Much of what has otherwise been spoken to in this thread makes, at least arguably, a different point from that addressed by the SBD. I take the SBD to be addressing the ministry of word and sacrament within the institutional church. Even if the SBD sees the institutional church as exhausting distinctly Christian labors, and, as I said, this is arguable, more recent church orders have not. The OPC, for instance, does not regard all extra-ecclesiastical agencies, whether for the distribution of Christian literature, training of ministers, etc. as impermissible. I suspect that some here may, but I believe that we as Christians have freedom to form societies to publish and distribute Christian literature, to train ministers and other Christian workers, and the like.

Such societies are not the institutional church or an agency of said church, but are "non-profits" (thus not businesses seeking to make money). I perfectly understand Bruce and all others not wanting to be contacted for money by so many organizations claiming to do Christian work. But we must not mistake irritations to our flesh, and perhaps they are in every way genuinely and properly irritations, as permitting us to lay down a rule that God's Word has not laid down. 

Whatever the intention of the OP--I take no issue with but fully support the SBD in its contentions--I do not think that we can from the SBD draw a rule, as some have or seem to have, that it is illegitimate for a Christian society or agency (be it Ligonier, a seminary, or whatever) to make its needs known and to ask for contributions over and above what one would and should give to the institutional church. One must tread lightly here, but if one wishes to maintain that extra-ecclesiastical Christian organizations are simply invalid, then we really should not be having the conversation on an online board that is not the church, that seeks contributions for its support and continuance, and that seeks to do certain things (foster fellowship, teach, etc.) that do not replace the church as an institution but that parallel it and that permit people of different communions and places to dialog with each other. 

Peace,
Alan


----------



## MW (Jul 3, 2016)

I am thankful for the opportunity to consider this subject in the light of biblical and reformed principles, and hope it can remain a discussion of principle without being taken personally.

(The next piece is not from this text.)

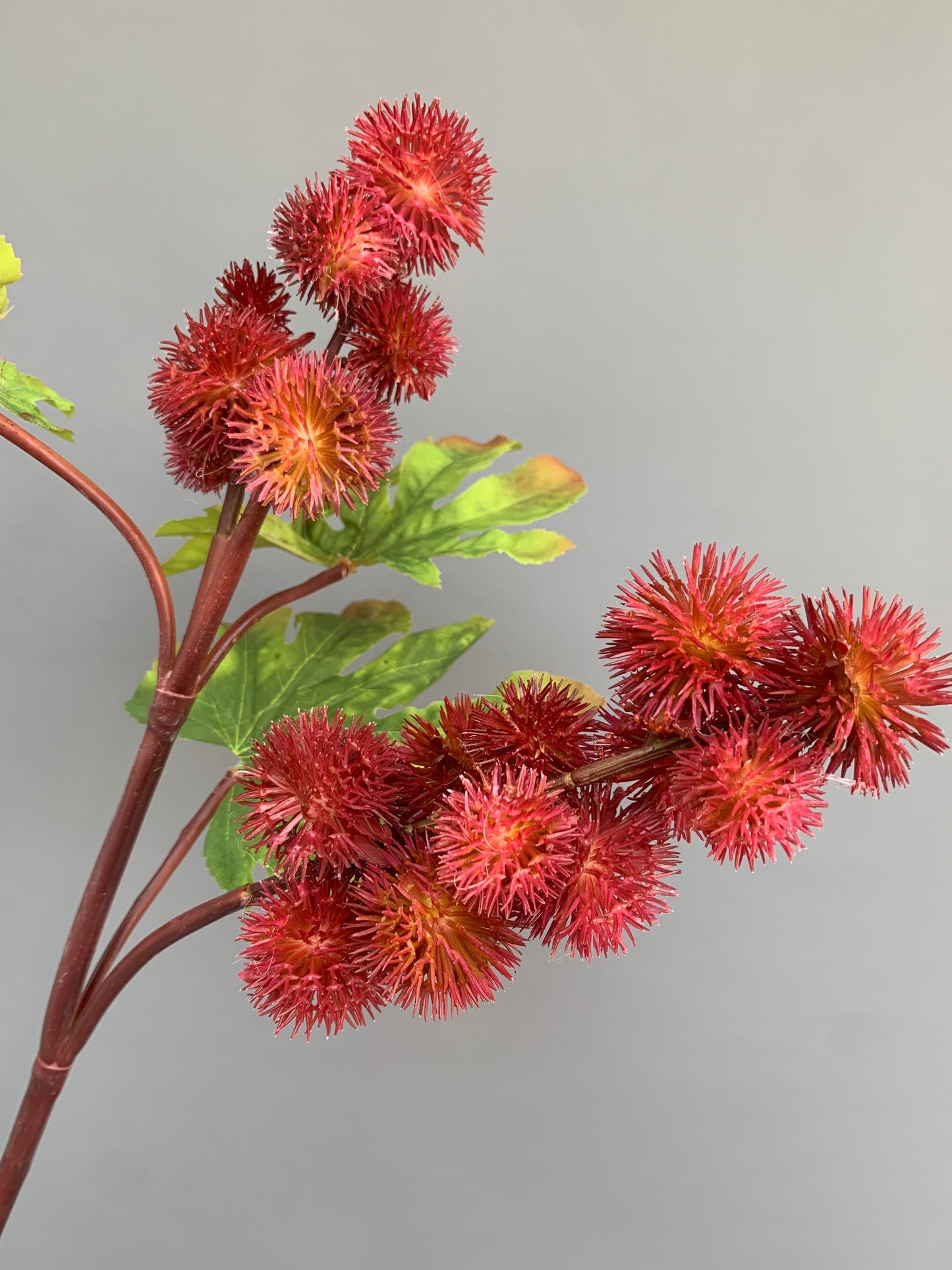 Premium Artificial Rambutan fruit in leaf green artificial flower faux flower 31 inch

Arguing from the status quo of "more recent church orders" functioning side by side with voluntary agencies begs the question as to whether the status quo is right. The power of government is not to be exercised by ministers alone, but is to be exercised in assembly with other office-bearers of the church. That in itself should determine the boundaries of ministerial government so far as extra-ecclesiastical agencies are concerned. But even if voluntary societies could legitimately claim to be exercising a lawful power of spiritual government over the consciences of men, this fact alone does not justify the actions of the society. The legitimacy of the society is one thing and the lawfulness of its actions is another. Moreover, even if the voluntary society acted justly in soliciting independent support for its spiritual labours, it would still require a specific examination of ethical norms in order to determine whether a minister may solicit such support.

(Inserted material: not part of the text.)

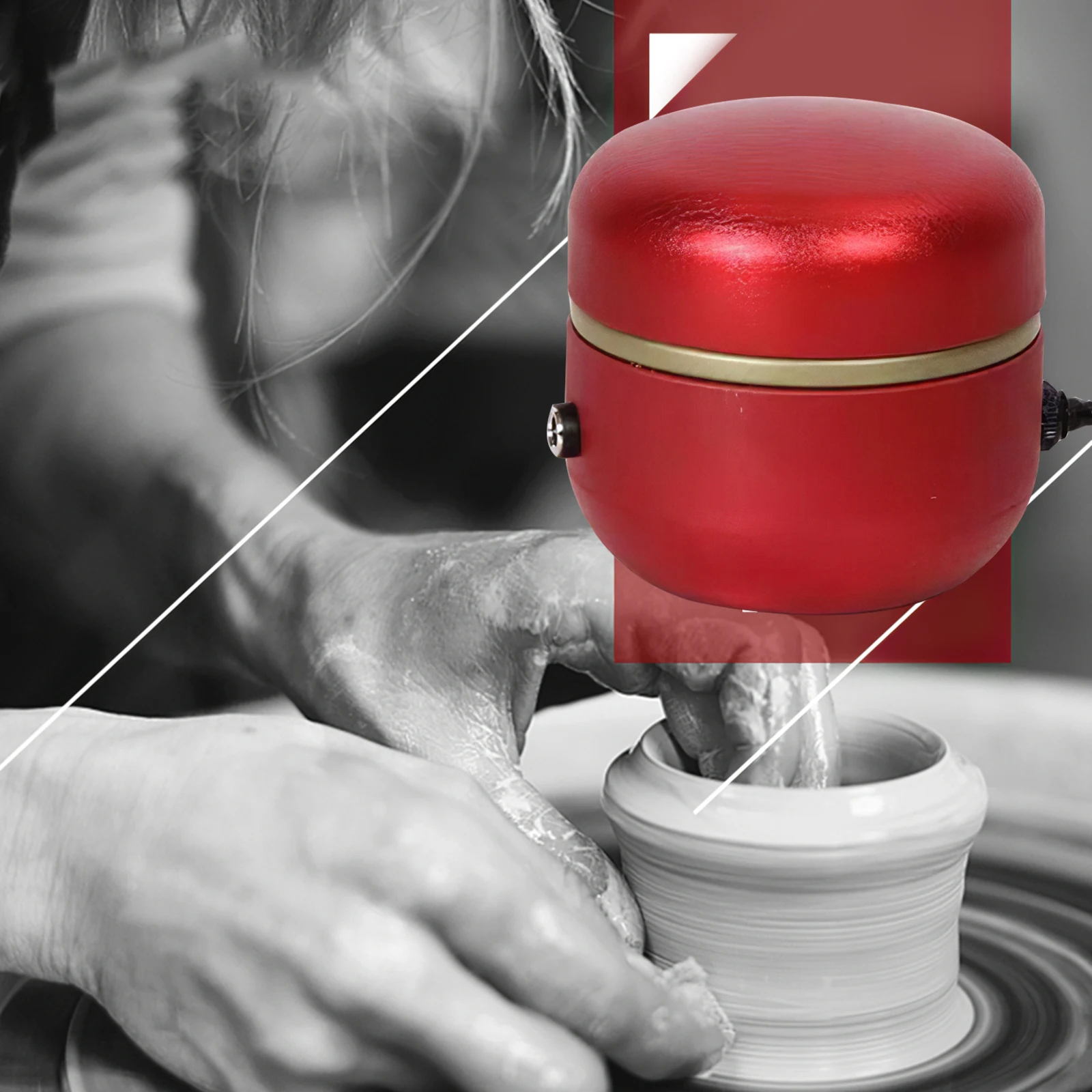 

3.38*3.38inch Electric Portable Wheel Portable Metal Machine Small Pottery Forming Machine With Tray Pottery Making For Home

The first chapter of the Second Book of Discipline strenuously asserts the doctrine that the power of spiritual government in the church is derived immediately and only through Christ as Mediator, and that this is fundamentally different in nature to the exercise of civil power. The second chapter maintains that the whole policy of the kirk consists in doctrine, discipline, and distribution. "Distribution" is thus an act of spiritual government derived through the Mediator. This power of distribution is not a matter of voluntary arrangement, but by divine right.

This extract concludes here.